* _Work to complete_
Using the listing below, print exactly everything from the line with "Philips 3000 series" down to the line with "Italian verbs", both included, and nothing more.

* _Source data_
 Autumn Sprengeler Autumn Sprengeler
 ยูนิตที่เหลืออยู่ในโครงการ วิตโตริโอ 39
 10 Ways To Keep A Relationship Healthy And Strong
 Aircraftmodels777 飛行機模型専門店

---

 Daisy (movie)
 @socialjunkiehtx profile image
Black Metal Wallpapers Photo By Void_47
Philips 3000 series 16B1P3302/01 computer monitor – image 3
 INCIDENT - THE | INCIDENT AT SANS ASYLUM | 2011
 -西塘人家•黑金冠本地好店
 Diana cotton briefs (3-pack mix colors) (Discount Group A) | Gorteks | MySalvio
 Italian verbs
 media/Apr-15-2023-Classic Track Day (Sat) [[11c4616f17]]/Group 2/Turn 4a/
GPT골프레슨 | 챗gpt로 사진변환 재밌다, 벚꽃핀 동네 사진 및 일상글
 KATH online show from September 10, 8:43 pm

* * *

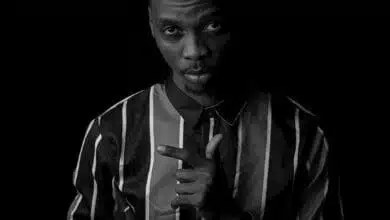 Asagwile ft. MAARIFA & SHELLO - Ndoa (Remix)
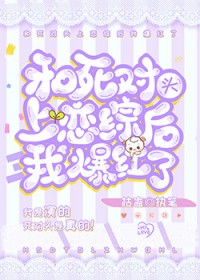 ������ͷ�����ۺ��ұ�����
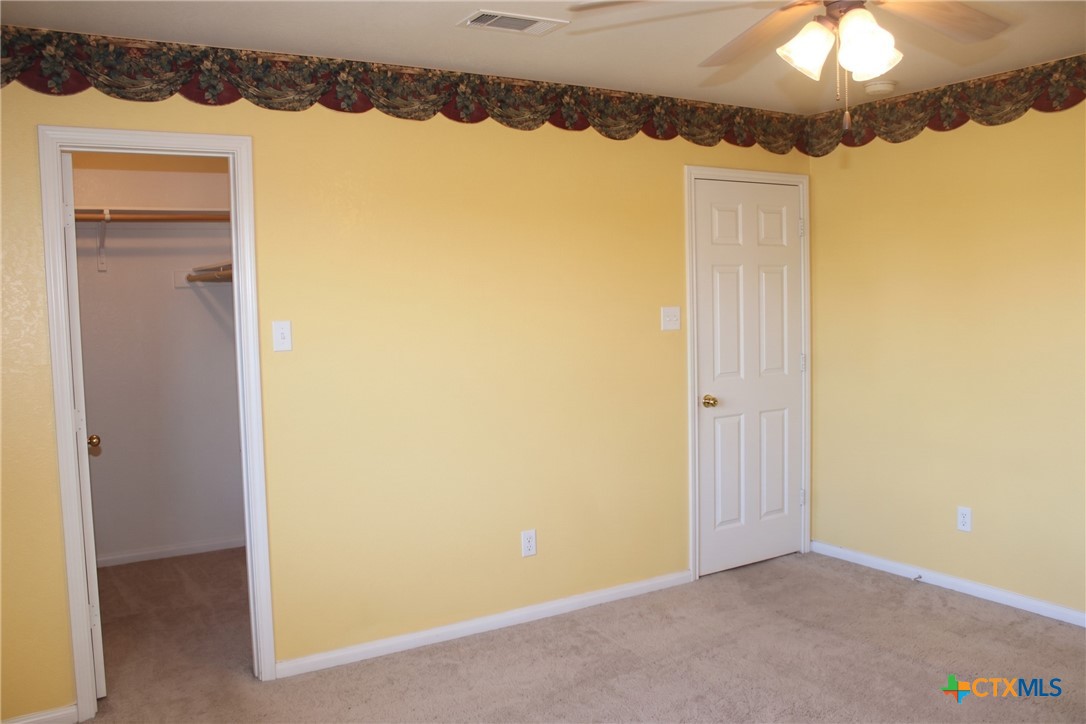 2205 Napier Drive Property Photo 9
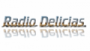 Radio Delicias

* _Result_
Philips 3000 series 16B1P3302/01 computer monitor – image 3
 INCIDENT - THE | INCIDENT AT SANS ASYLUM | 2011
 -西塘人家•黑金冠本地好店
 Diana cotton briefs (3-pack mix colors) (Discount Group A) | Gorteks | MySalvio
 Italian verbs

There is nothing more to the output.